An energy conservation argument tells you nothing unless you know there is nothing else the energy is going to.

I came back to this problem a few years later, and I finally figured out what was wrong.

First of all, the Poynting vectors are indeed conserved across the boundary (placed at $$z = 0$$), but you cannot use the $$\vec{S}_{1i}$$ and $$\vec{S}_{1r}$$ vectors independently in the energy conservation equation. This is because there is interference between the incident and reflected waves, which causes a standing wave pattern in medium 1, whose average intensity is position-dependent.

In general, interference effects cause the intensity of the sum of two waves to be different from the sum of the intensities of the two waves. The interference means that you cannot simply say $$\langle S_{1i}\rangle = \langle S_{1r}\rangle + \langle S_2\rangle$$ or $$(1 - |\Gamma|^2)\langle S_{1i}\rangle = \langle S_2\rangle$$

Let $$\vec{S}_1$$ be the total Poynting vector in medium 1, and $$\vec{S}_2$$ the same for medium 2.

By definition, $$\vec{S}_1 = \vec{E}_1 \times \vec{H}_1$$ where $$\vec{E}_1$$, $$\vec{H}_1$$ are the total electric and magnetic fields in medium 1. Assuming the interface between medium 1 and 2 has no current sheets ($$\vec{K}_s = \vec{0}$$), then the boundary conditions imply that $$\vec{E}_1 = \vec{E}_2$$ and $$\vec{H}_1 = \vec{H}_2$$. Therefore we clearly must also have $$\vec{S}_2 = \vec{S}_1$$, and intensity is conserved across the interface (at $$z = 0$$).

This means we should still be able to say that $$\langle S_1\rangle = \langle S_2\rangle$$ (at $$z = 0$$, again).
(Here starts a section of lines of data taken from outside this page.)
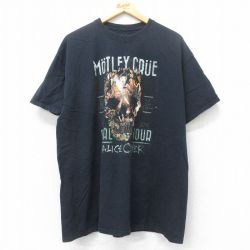 【20%OFF】XL★古着 半袖 ロック バンド Tシャツ メンズ モトリークルー アリスクーパー大きいサイズ コットン クルーネック 黒 ブラック 25jun12 中古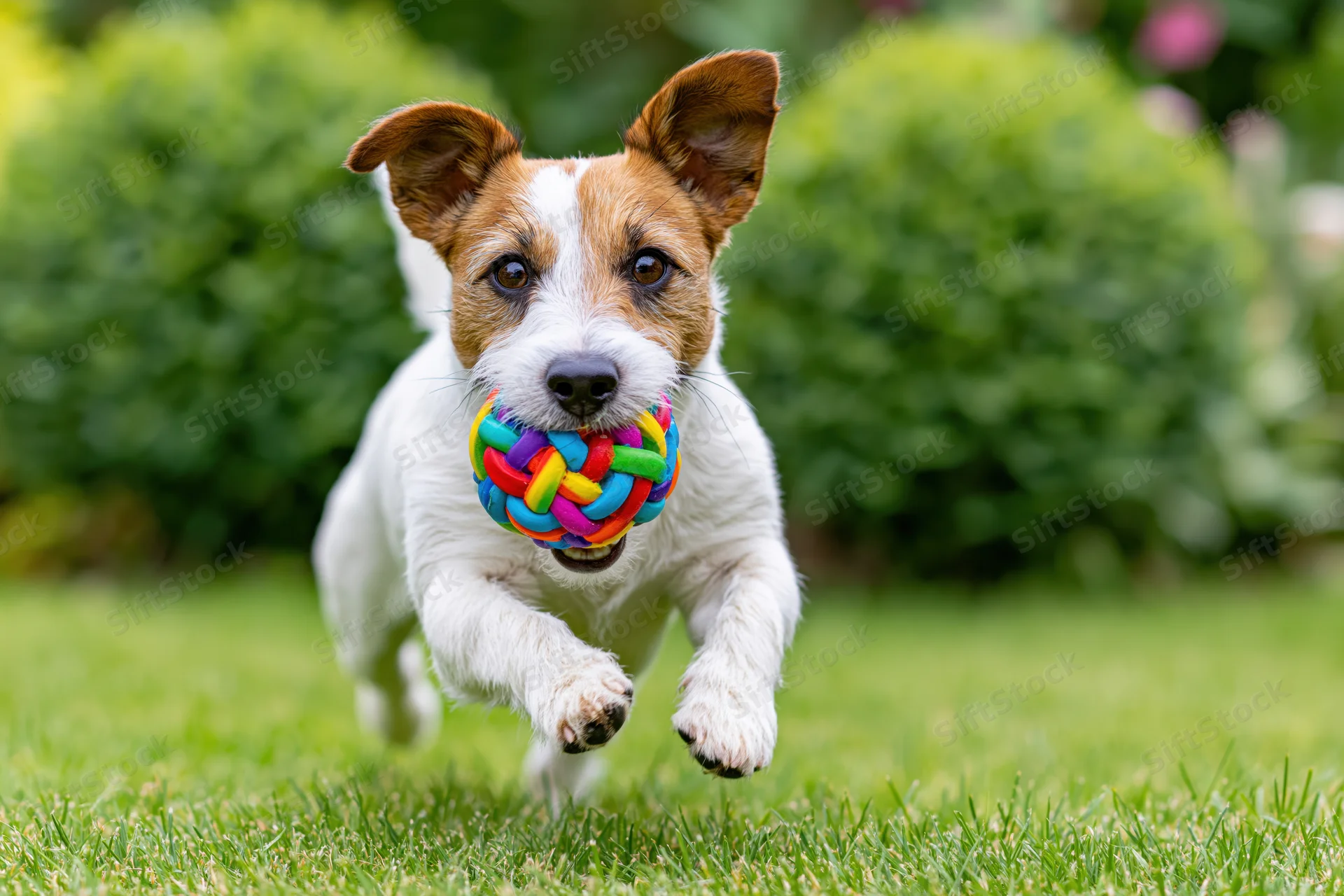 Jack russell terrier running across a grassy lawn with a colorful knotted rope toy in its mouth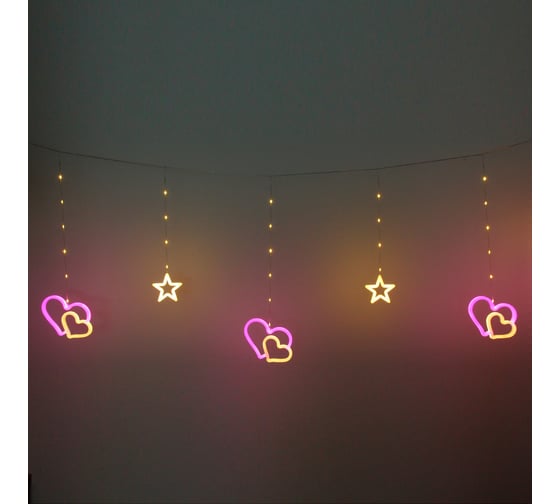 Гирлянда Серпантин БАХРОМА Сердца ш3 м*0.75/0.5 м 576 ламп LED прозрачн. провод 8 реж IP-20 Мультицвет возможность соедиения 725-947 1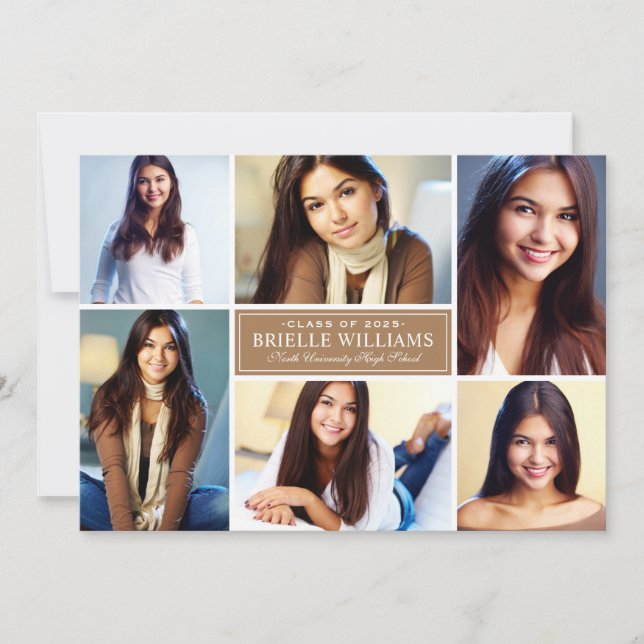 Elegant Tan Photo Collage Graduation Party Invitation (Front)
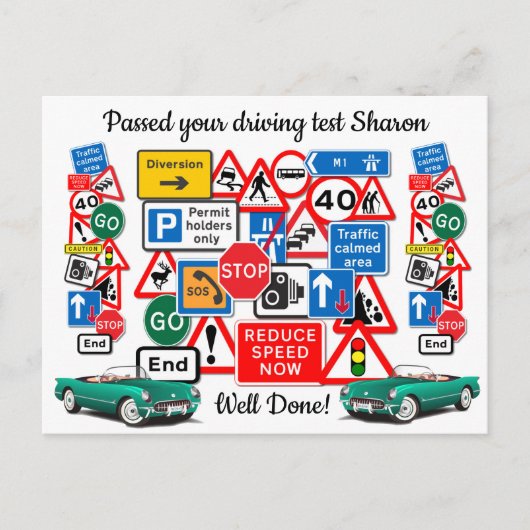 Geslaagd voor je rijexamen ~ Gefeliciteerd! Briefkaart (Voorkant)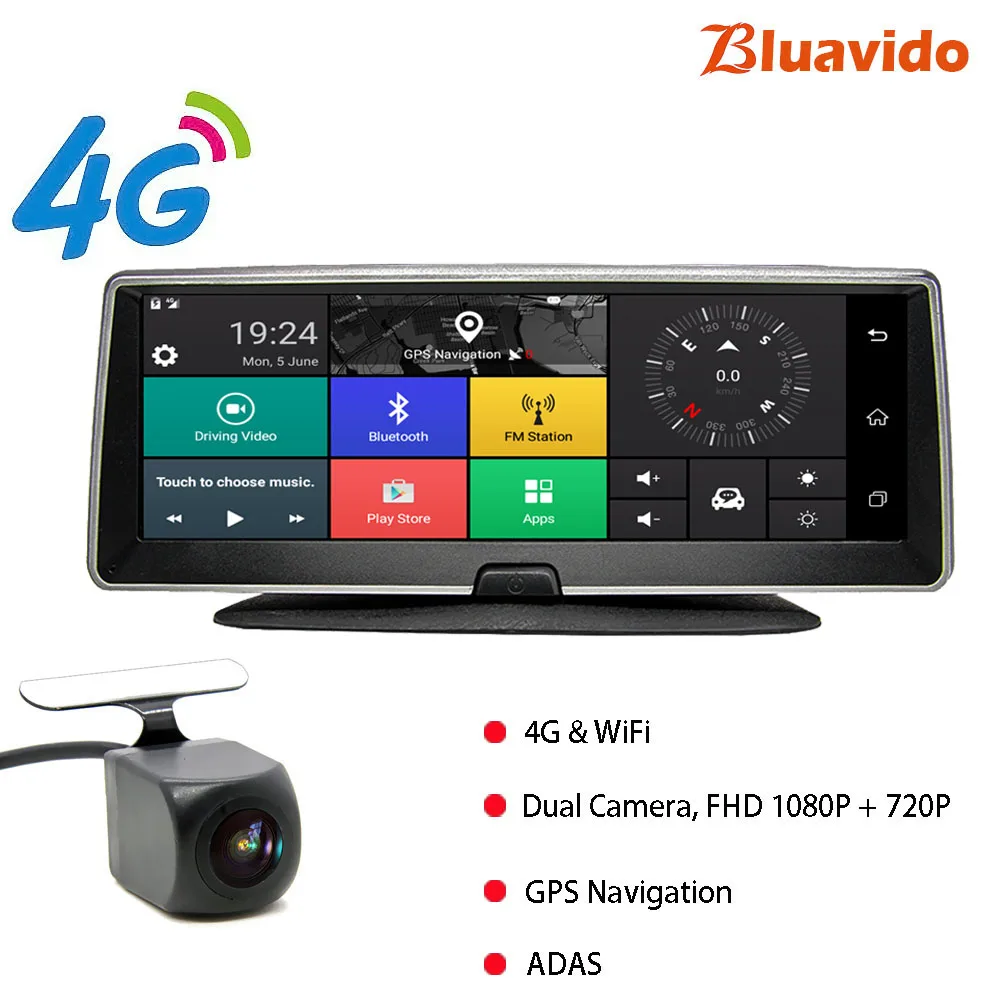 Bluavido 8 дюймов Автомобильный видеорегистратор 4G Android gps навигация ADAS FHD 1080P Автомобильный видеорегистратор ночное видение парковочный монитор - Название цвета: with HD rear cam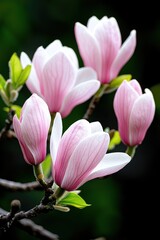 Naklejka premium A close-up of delicate pink magnolia flowers on a branch against a dark background.
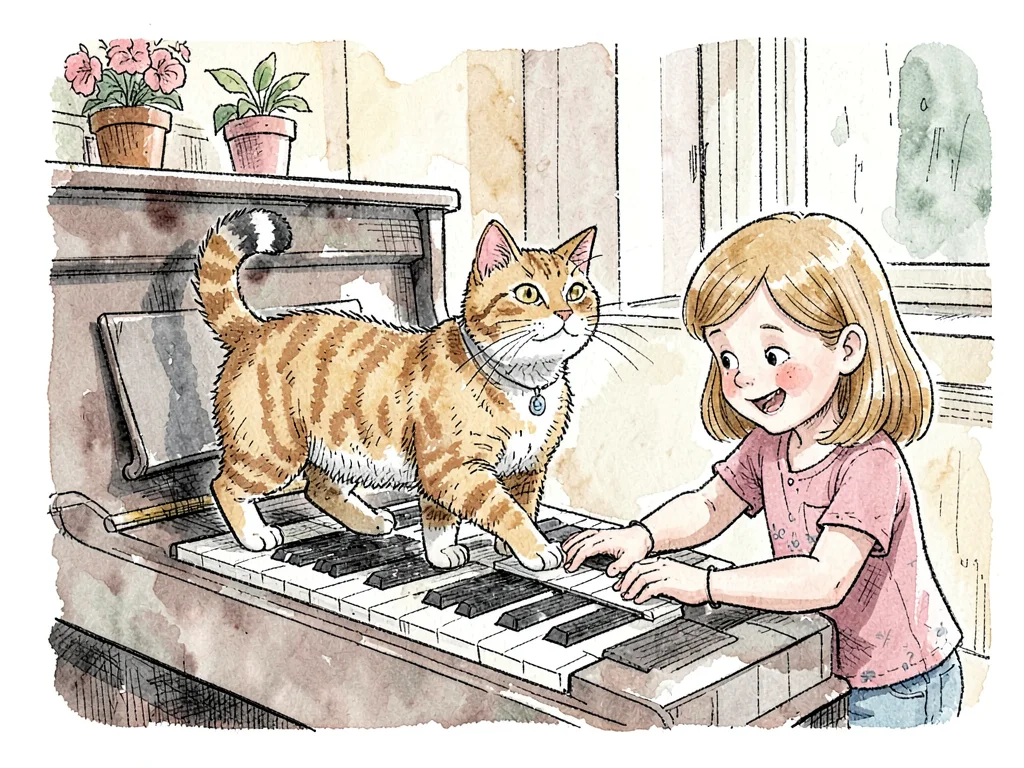 Cat walking on piano during practice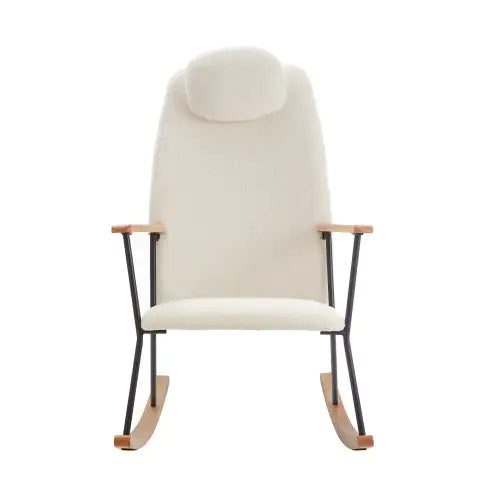 White Modern Rocking Chair with Adjustable Headrest (High Backrest)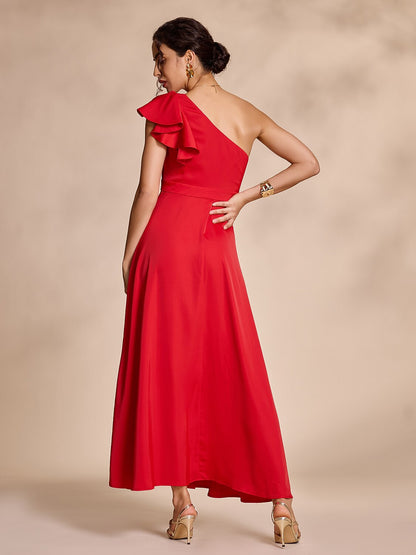 Satin Peplum Hem Solid Maxi Dress Dress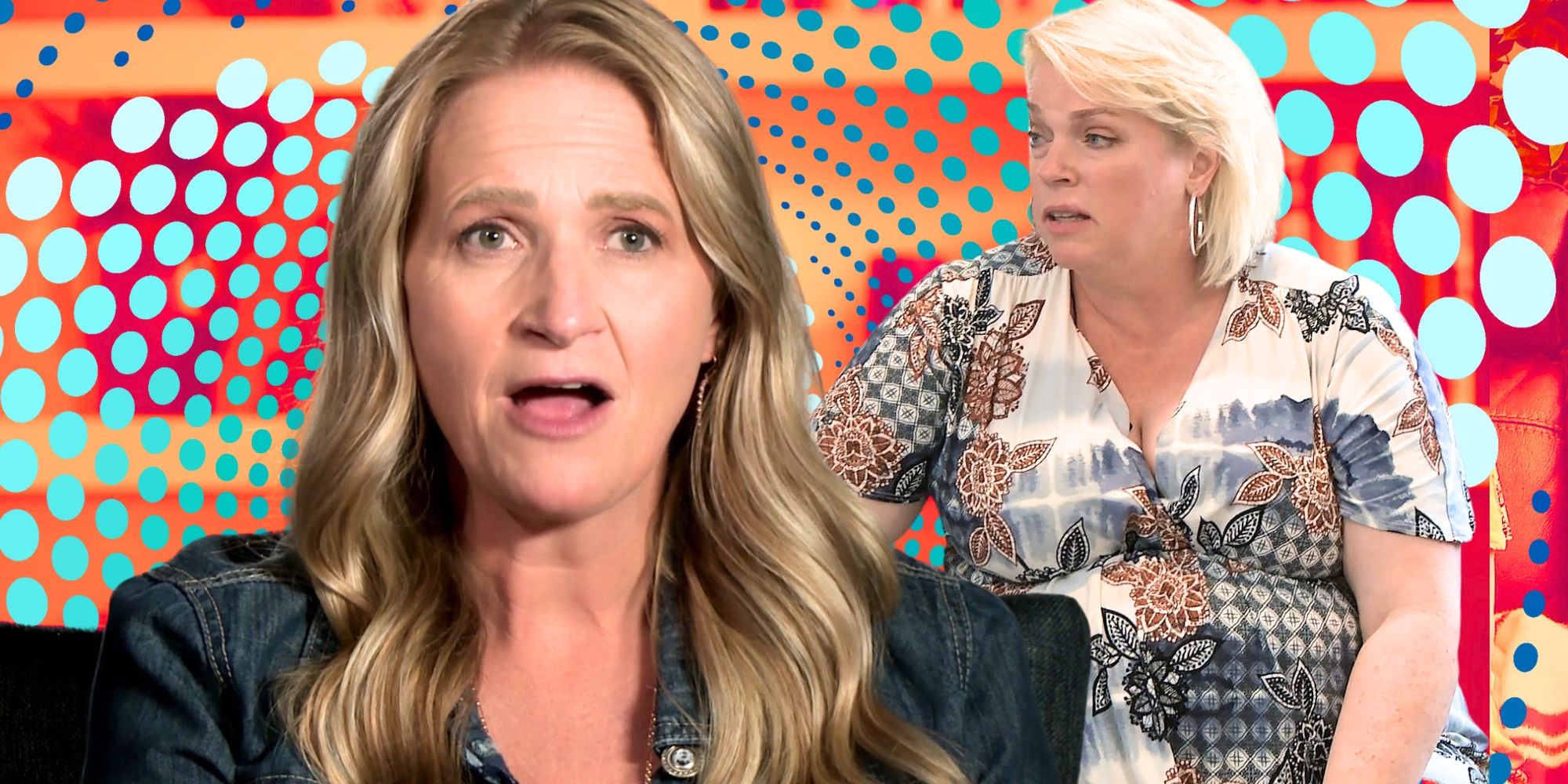 Sister Wives' Christine Brown looks surprised and Janelle Brown is serious.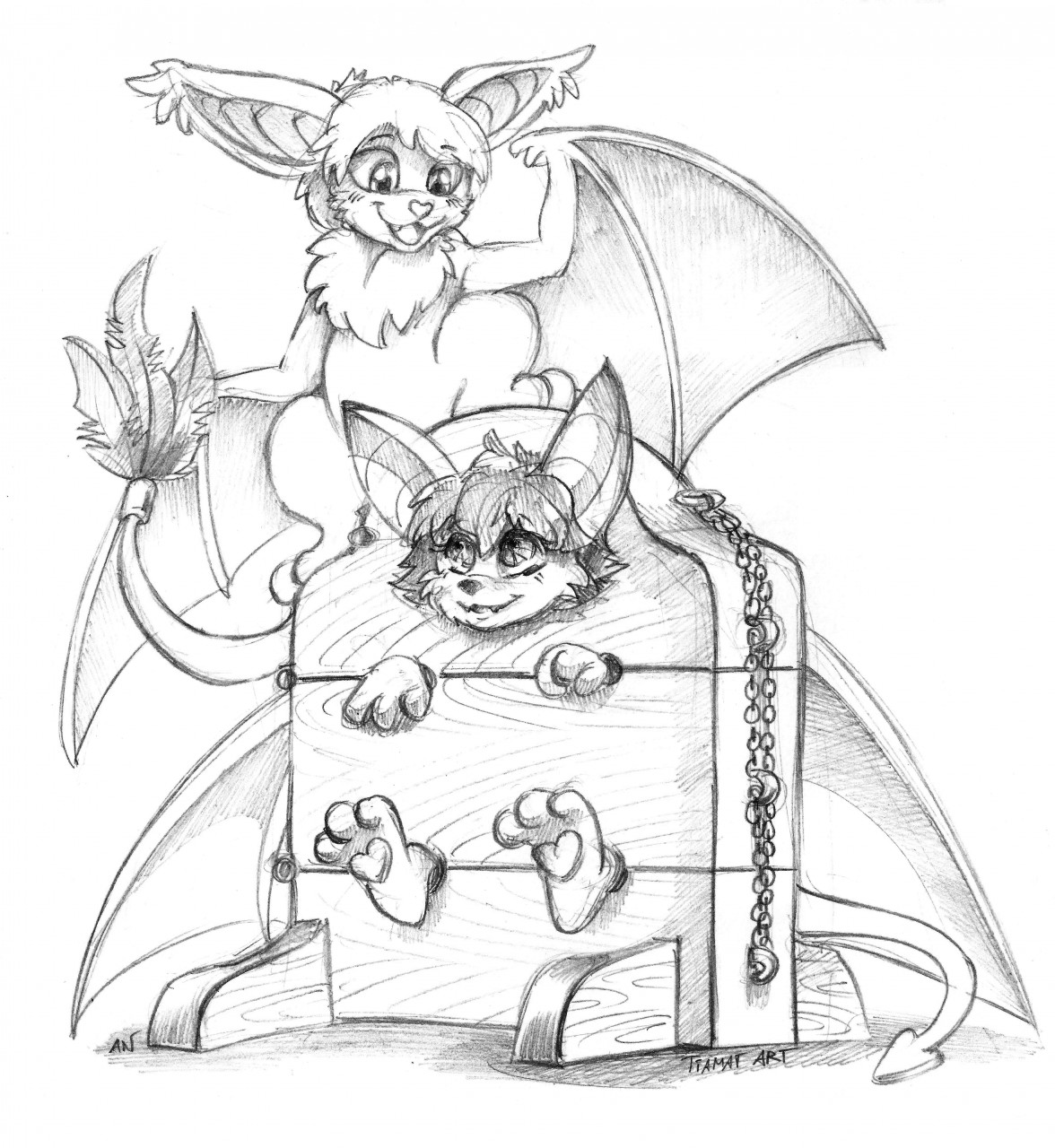 1176x1280 Sketch Commission Evergreen And Seraphiel By Alientiamat - Evergreen Sketch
So how do we correctly find $$\langle S_1\rangle$$ given $$\langle S_{1i}\rangle$$?

The incident wave in medium 1 propagates in the $$\hat{z}$$ direction, with $$\vec{E}_{1i}$$ in $$\hat{x}$$ and $$\vec{H}_{1i}$$ in $$\hat{y}$$. Moreover, in phasor form we know that $$\mathbf{H}_{1i} = \frac{\mathbf{E}_{1i}}{\eta_1}$$

The reflected wave in medium 1 propagates in the $$-\hat{z}$$ direction, with $$\vec{E}_{1r}$$ again in $$\hat{x}$$. This implies $$\vec{H}_{1r}$$ is in $$-\hat{y}$$, because the direction of the wave has been flipped. In phasor form, we thus have $$\mathbf{H}_{1r} = -\frac{\mathbf{E}_{1r}}{\eta_1}$$. In addition, we know that $$\mathbf{E}_{1r} = \Gamma\mathbf{E}_{1i}$$, and hence $$\mathbf{H}_{1r} = -\Gamma\mathbf{H}_{1i}$$.

The total phasors in medium 1 are then $$\mathbf{E}_1 = \mathbf{E}_{1i} + \mathbf{E}_{1r} = (1 + \Gamma)\mathbf{E}_{1i}$$ and $$\mathbf{H}_1 = \mathbf{H}_{1i} + \mathbf{H}_{1r} = (1 - \Gamma)\mathbf{H}_{1i}$$.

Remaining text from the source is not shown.